Work instruction ->
Below are the records. Retype exactly the lines between the lines holding "Екатеринбург. Дом Севастьянова" and "小潔_Mina這時候發文... 是想測試誰還�...", inclusive.

━━━━━ Data extract ━━━━━

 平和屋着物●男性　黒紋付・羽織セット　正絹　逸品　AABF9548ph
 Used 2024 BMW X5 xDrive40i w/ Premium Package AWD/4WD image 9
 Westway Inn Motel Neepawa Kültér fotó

━━━━━
━━━━━ Data extract ━━━━━

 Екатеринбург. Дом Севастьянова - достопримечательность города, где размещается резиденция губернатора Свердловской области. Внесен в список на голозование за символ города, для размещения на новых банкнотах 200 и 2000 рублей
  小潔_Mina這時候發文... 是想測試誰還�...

━━━━━

Task solution ->
 Екатеринбург. Дом Севастьянова - достопримечательность города, где размещается резиденция губернатора Свердловской области. Внесен в список на голозование за символ города, для размещения на новых банкнотах 200 и 2000 рублей
  小潔_Mina這時候發文... 是想測試誰還�...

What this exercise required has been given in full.